That might be something to keep in mind if you have valuable prospects on your list, but you haven’t yet built much of a relationship with them yet.

Meanwhile, if you’re curious about “magic box” CTAs, I’ll make you a deal:

Reply and tell me the size of your email list. If you haven’t got a list, that’s fine, no judgment, you can write in and tell me that. On the other hand, if you do have a list, or if you have multiple, or if you manage a list on behalf of somebody else, write in and tell me how big your list or lists are.

In return, I’ll tell you how a “magic box” CTA works. There’s a good chance you’ve figured out how it works, but you might still learn a tip or two from me that you hadn’t thought of. And besides, maybe we can get into an interesting conversation.

Paid waiting list

For the first two years of this newsletter, I never made any offers.

Why?

​​Because, like Phineas Gage, who had a steel rod rammed through his eye socket, I apply a different part of my brain when I judge myself than when I judge others.

When I judge others, I yell at them if they don’t include an offer in each email. “Put something, anything, at the end of your email.”

I’ve told people to at least put a link to something free and interesting.
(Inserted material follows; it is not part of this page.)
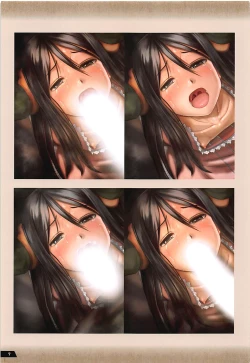 Page 6 of Kyojin no Kumotsu-tachi Mikasa Hen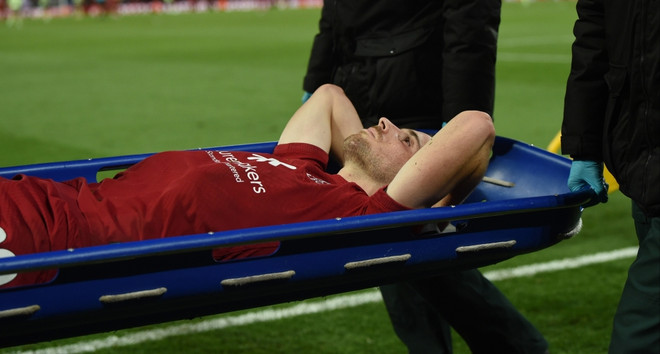 World Cup 2022: Chấn thương - nỗi ám ảnh không của riêng ai ảnh 1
And it’s certainly better to end your email with a link than with nothing.

Of course, it’s better still to have a paid offer, and to have the chance to get paid.

But what if you’re creating something big and heavy, something that won’t be ready yet for months or maybe a year?

​​And what if in the meantime you don’t want to get distracted by creating another offer, something quick and cheap… or by finding quality affiliate stuff to promote… or by hawking your mutton as a “consultant”?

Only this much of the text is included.